[Stored dataset items]

Segment Open

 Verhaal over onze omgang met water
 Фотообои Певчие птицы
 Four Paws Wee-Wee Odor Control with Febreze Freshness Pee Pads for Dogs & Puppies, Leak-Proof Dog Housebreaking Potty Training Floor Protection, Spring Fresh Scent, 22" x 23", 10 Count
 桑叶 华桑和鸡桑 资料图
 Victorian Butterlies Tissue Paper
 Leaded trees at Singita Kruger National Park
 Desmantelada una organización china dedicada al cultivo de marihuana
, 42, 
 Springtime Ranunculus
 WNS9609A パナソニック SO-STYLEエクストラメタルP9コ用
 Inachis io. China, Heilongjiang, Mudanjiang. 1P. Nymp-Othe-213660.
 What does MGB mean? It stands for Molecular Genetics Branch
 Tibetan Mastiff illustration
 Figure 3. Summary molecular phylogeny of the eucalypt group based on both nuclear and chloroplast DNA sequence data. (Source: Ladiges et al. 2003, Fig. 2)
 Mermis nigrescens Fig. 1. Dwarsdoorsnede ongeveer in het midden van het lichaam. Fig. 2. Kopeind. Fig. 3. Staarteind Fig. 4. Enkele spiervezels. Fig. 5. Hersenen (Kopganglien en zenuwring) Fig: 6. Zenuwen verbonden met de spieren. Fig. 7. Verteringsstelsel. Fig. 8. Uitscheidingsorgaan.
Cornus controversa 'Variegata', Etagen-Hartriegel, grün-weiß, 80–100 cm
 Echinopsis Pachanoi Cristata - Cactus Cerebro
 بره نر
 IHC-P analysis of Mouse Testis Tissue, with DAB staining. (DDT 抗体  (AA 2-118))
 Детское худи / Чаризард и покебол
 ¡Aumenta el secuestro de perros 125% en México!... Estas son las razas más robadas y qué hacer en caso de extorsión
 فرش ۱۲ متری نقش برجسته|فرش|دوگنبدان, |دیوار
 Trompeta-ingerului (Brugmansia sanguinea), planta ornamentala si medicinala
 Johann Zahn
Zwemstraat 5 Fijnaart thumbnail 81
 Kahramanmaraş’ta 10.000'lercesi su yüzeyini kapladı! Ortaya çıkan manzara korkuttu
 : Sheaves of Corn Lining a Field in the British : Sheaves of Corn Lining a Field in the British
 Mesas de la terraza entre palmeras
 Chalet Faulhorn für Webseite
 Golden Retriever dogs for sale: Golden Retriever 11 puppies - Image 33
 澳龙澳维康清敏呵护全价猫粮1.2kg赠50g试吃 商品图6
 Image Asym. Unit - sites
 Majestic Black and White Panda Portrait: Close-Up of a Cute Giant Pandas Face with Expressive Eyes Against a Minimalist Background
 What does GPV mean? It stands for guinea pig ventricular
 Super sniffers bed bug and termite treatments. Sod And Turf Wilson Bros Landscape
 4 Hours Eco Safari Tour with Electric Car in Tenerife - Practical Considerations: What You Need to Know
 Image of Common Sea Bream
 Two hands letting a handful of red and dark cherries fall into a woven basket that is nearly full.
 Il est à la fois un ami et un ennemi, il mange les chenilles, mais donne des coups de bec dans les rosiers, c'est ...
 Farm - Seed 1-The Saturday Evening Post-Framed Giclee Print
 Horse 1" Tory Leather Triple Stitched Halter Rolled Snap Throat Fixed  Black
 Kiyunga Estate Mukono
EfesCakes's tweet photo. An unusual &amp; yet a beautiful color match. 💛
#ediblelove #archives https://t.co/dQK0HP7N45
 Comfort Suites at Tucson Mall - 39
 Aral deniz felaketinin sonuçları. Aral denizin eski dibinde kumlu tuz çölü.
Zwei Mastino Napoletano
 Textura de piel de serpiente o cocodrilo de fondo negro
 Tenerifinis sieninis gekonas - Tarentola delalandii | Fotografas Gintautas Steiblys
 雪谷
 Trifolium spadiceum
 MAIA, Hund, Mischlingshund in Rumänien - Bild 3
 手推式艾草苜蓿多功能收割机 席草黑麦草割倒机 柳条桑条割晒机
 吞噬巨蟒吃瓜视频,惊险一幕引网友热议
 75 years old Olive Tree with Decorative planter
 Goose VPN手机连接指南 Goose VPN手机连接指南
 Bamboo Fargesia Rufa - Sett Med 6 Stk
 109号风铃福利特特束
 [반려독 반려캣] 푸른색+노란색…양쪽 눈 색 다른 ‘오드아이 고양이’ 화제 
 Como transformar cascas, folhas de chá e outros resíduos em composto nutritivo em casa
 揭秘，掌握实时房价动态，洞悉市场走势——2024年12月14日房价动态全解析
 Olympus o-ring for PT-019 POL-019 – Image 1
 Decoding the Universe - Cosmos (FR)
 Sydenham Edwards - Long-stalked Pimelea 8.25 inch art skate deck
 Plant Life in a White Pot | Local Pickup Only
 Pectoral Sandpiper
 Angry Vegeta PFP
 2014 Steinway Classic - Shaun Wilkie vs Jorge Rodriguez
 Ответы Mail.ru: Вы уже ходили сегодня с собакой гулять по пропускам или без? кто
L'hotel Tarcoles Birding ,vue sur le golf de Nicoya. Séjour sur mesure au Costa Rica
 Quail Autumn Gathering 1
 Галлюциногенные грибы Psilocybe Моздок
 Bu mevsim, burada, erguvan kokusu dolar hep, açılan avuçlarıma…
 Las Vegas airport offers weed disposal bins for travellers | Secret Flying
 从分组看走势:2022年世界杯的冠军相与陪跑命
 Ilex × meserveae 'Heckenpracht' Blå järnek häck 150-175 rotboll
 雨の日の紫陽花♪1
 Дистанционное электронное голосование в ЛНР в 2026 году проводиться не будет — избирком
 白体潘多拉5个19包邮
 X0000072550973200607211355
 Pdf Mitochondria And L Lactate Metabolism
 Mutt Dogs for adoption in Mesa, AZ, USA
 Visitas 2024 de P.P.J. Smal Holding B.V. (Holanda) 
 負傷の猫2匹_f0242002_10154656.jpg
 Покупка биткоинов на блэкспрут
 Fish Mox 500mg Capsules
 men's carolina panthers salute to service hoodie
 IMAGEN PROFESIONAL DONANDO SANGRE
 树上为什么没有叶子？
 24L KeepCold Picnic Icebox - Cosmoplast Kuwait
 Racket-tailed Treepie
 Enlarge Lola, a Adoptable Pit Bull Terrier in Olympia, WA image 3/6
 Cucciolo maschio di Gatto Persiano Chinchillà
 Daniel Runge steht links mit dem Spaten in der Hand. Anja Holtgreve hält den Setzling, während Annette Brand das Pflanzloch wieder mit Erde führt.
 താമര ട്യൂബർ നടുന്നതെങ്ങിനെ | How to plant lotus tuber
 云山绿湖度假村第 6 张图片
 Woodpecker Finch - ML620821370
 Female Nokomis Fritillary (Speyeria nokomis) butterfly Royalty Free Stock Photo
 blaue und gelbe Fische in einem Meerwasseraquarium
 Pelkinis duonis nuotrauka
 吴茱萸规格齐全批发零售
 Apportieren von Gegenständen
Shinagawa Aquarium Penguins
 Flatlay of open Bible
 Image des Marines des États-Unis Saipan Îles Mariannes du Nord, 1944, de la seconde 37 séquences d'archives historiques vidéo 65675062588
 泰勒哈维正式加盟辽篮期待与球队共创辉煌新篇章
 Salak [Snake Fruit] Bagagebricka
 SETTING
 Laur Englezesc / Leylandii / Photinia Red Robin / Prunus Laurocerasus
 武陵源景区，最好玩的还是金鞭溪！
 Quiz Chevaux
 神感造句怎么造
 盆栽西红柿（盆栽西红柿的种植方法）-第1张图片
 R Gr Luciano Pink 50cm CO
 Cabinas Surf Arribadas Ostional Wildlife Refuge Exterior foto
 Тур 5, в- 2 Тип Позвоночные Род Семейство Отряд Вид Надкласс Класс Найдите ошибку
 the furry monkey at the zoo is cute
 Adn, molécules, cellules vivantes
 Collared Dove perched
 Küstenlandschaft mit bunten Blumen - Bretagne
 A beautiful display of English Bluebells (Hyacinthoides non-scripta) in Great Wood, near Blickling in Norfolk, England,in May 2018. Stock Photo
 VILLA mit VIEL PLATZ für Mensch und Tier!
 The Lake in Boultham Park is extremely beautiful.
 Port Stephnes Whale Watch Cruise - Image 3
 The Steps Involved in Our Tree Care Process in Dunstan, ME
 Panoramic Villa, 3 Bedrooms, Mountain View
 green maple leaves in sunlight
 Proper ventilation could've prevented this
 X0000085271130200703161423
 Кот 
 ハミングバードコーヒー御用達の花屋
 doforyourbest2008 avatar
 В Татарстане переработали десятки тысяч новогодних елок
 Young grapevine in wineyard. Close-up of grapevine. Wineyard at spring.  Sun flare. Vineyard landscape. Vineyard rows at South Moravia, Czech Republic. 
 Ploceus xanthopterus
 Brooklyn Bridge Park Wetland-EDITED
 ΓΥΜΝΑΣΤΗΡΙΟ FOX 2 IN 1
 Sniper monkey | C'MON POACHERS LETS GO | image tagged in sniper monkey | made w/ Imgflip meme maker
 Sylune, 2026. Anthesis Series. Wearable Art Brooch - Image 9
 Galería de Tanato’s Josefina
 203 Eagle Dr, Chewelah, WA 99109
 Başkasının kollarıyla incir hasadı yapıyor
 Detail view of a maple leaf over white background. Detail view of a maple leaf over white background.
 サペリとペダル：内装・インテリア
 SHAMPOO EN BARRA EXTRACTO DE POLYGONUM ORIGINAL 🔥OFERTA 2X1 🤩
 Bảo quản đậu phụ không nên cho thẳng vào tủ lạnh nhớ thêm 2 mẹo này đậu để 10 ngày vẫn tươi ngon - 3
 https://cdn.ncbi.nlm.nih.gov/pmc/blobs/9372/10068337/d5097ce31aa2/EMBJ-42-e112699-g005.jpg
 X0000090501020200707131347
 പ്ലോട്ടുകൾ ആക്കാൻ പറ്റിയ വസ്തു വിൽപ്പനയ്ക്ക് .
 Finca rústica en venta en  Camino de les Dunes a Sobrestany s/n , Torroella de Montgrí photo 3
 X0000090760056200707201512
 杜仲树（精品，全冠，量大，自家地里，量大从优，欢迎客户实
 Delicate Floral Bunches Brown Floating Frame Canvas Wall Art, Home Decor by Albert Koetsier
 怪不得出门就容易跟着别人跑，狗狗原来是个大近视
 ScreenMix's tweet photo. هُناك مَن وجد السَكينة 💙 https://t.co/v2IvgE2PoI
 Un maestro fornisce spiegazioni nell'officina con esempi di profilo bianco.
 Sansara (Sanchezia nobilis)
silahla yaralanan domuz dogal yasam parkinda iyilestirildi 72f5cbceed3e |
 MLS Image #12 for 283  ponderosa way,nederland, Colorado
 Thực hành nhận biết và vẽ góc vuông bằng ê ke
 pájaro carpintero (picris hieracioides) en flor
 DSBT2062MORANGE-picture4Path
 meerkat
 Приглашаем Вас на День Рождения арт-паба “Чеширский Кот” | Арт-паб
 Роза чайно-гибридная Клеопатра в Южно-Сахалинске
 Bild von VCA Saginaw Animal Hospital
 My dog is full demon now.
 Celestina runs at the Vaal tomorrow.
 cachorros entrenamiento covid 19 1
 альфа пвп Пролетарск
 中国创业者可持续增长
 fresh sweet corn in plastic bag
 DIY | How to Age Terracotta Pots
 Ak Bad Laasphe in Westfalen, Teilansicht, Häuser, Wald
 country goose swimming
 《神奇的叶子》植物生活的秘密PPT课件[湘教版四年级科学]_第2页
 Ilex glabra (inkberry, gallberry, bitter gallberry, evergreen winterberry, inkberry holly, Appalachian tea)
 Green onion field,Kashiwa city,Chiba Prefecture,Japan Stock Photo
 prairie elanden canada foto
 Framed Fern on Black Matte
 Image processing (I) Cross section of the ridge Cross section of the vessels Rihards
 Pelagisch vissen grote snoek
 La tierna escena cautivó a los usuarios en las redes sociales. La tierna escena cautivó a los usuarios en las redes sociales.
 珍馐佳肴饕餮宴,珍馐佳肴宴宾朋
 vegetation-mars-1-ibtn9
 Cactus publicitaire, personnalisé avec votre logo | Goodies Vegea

Segment Closed

◆ EXERCISE PROMPT:
In the entries above, please find the line with "Ответы Mail.ru: Вы" and the line with "Bu mevsim, burada, erguvan", then write out exactly those two lines and every line between them, and nothing more.

◆ TASK RESULT:
 Ответы Mail.ru: Вы уже ходили сегодня с собакой гулять по пропускам или без? кто
L'hotel Tarcoles Birding ,vue sur le golf de Nicoya. Séjour sur mesure au Costa Rica
 Quail Autumn Gathering 1
 Галлюциногенные грибы Psilocybe Моздок
 Bu mevsim, burada, erguvan kokusu dolar hep, açılan avuçlarıma…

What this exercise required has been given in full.